½ cup (120 ml) buttermilk, at room temperature

1 cup (244 g) canned pumpkin puree, at room temperature

For the Latte Soak:

¼ cup (60 ml) espresso or strong coffee

⅓ cup (80 ml) whole milk

½ cup (150 g) sweetened condensed milk

¼ tsp pumpkin pie spice

1 tsp vanilla extract

For the Espresso Cream Cheese Frosting:

1 cup (224 g) unsalted butter, softened

8 oz (226 g) cream cheese, cold

2 cups (260 g) powdered sugar

1 ½ tsp vanilla extract

2 tsp instant espresso powder

1 ½ tsp pumpkin pie spice

Instructions

  1. For the Pumpkin Cake:
  2. Preheat your oven to 350°F (175°C). Grease a 9×9-inch light metal baking pan and line it with parchment paper.
  3. In a medium bowl, whisk together the all-purpose flour, pumpkin pie spice, baking powder, baking soda, and salt. Set aside.
  4. In a large bowl, cream together the softened butter and granulated sugar using an electric mixer on high speed for about 2 minutes until light and fluffy.
  5. Add the eggs and vanilla extract and beat on medium speed until smooth and pale in color, about 1 minute.
  6. Add the buttermilk and canned pumpkin puree, and mix on medium-low speed until combined (it may look slightly curdled).
  7. Gradually add the dry ingredients into the wet ingredients, mixing on low speed until just combined. Scrape the sides of the bowl with a rubber spatula as necessary.
  8. Pour the batter into the prepared pan and bake for 35-38 minutes, or until a toothpick inserted into the center comes out clean.
  9. Let the cake cool in the pan for 30 minutes on a wire rack. Then, remove it from the pan using the parchment paper and let it cool completely.
  10. For the Latte Soak:
  11. While the cake cools, combine the espresso (or coffee), milk, sweetened condensed milk, pumpkin pie spice, and vanilla extract in a liquid measuring cup or something with a spout.
  12. Stir until the mixture is well combined.
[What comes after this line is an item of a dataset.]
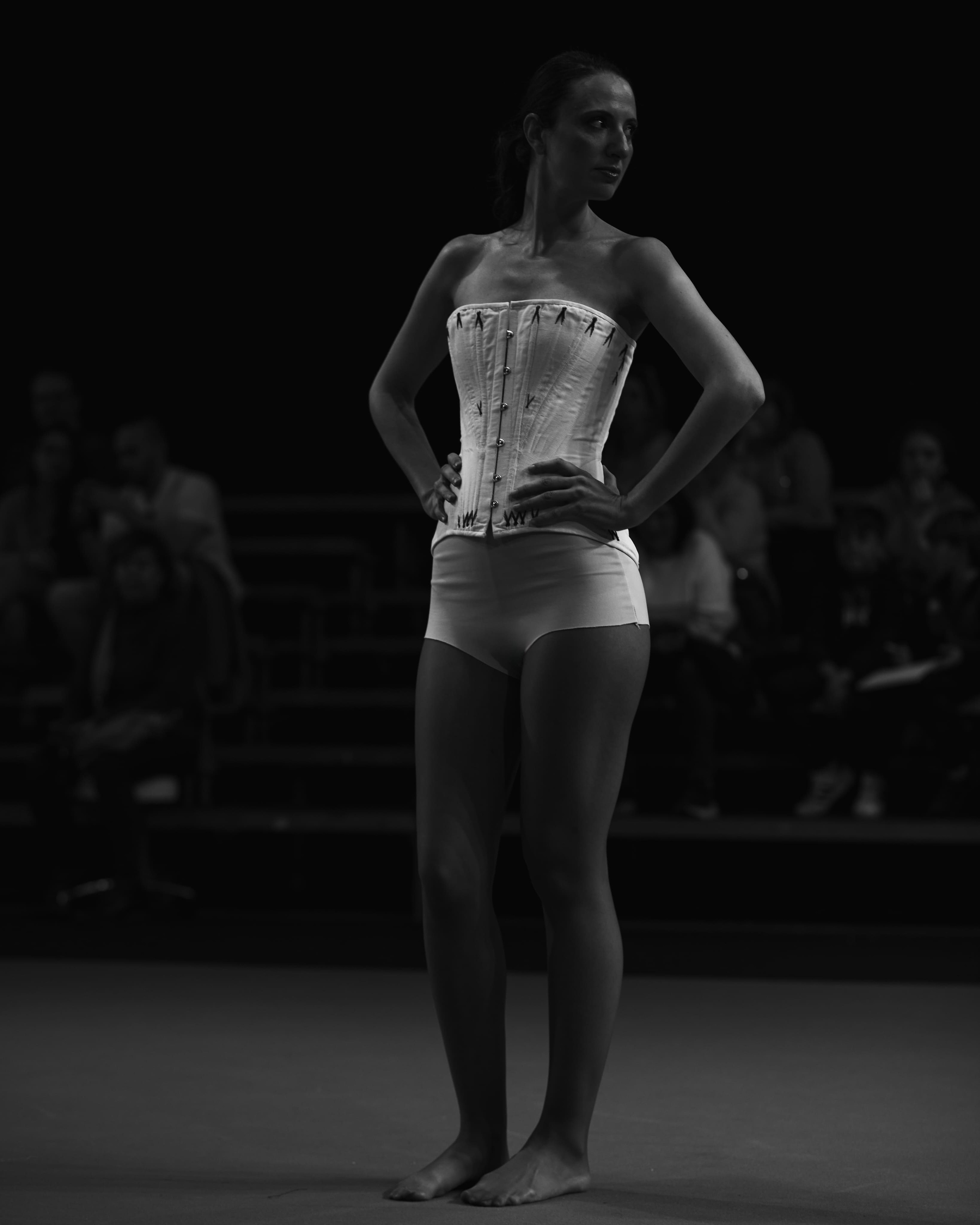 Historical corsets / Feria Belleza Granada. Fashion and backstage photographer in Madrid, Vladimir Denisov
Set aside.
  13. For the Espresso Cream Cheese Frosting:
  14. In a large bowl, beat the softened butter with an electric mixer on high speed for 5-10 minutes until pale and fluffy.
  15. Add the cold cream cheese and mix on medium speed until smooth.
  16. Gradually sift in the powdered sugar, mixing on low speed until fully incorporated, then beat on high speed for another minute.
  17. In a small ramekin, dissolve the instant espresso powder into the vanilla extract. Add the espresso mixture and pumpkin pie spice to the frosting and mix on medium-low speed until well combined, then beat on high speed until fluffy.
  18. Assembling the Cake:
  19. Once the cake is fully cooled, use a sharp knife to cut a thin layer off the top of the cake for easier soak absorption.
  20. Transfer the cake to a serving plate and poke holes on top using a wooden stick or the handle of a wooden spoon.
  21. Slowly pour the latte soak over the cake, allowing it to absorb into the holes. Be patient as the liquid is thin and takes time to soak into the cake.
  22. Frost the top of the cake with a thick layer of espresso cream cheese frosting using an offset spatula.
  23. Sprinkle pumpkin pie spice over the frosting and slice into 16 pieces. Serve and enjoy!

Notes

  • Substitute the Pumpkin: Feel free to swap the pumpkin puree for other flavors such as sweet potato or butternut squash puree.
  • Storing Leftovers: The cake can be stored in the refrigerator for up to 3 days. It’s even more flavorful the next day!
  • Make-Ahead: You can make the frosting ahead of time and store it in the refrigerator for up to 3 days. Let it soften before frosting the cake.